Monday, April 6, 2020
some say the lark
Welcoming Jennifer Chang's Some Say the Lark on this day. The lyric poems, scholarly-tinged, are dense but parsed out in spare lines. There is bluntness and philosophical questioning in much of the book, as in the widely-shared poem "Dorothy Wordsworth."
Perhaps in the immediate era of Tiger King, which showed clips of the incident of animals running free in Zanesville, Ohio, the poem "Freedom in Ohio" is on my mind. "My terror is not secret, / but necessary, / as the wild must be..." The poem eloquently aligns the speaker's aging (a poem "on my birthday"), wildness, and animals roaming in bewilderment.

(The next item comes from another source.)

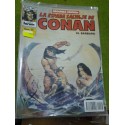 LA ESPADA SALVAJE DE CONAN Nº 38 SEGUNDA EDICIÓN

In writing about collections of poetry over the past few days, I am recognizing the difficulty in crystallizing my thoughts on poems. In "About Trees": "A poem has nothing to do with fact, / though both are made things. / I explain that trees know / certain facts, but what poems." Why is it that film criticism comes much more swimmingly easy for me? Is that films are inherently simple to pinpoint and hold-in-place, whereas poems freeze and thaw in states of clarity and opaqueness? Still, the joys and pain I find in both art forms are similar. In "The World": "Why must every winter / grow colder, and more sure?"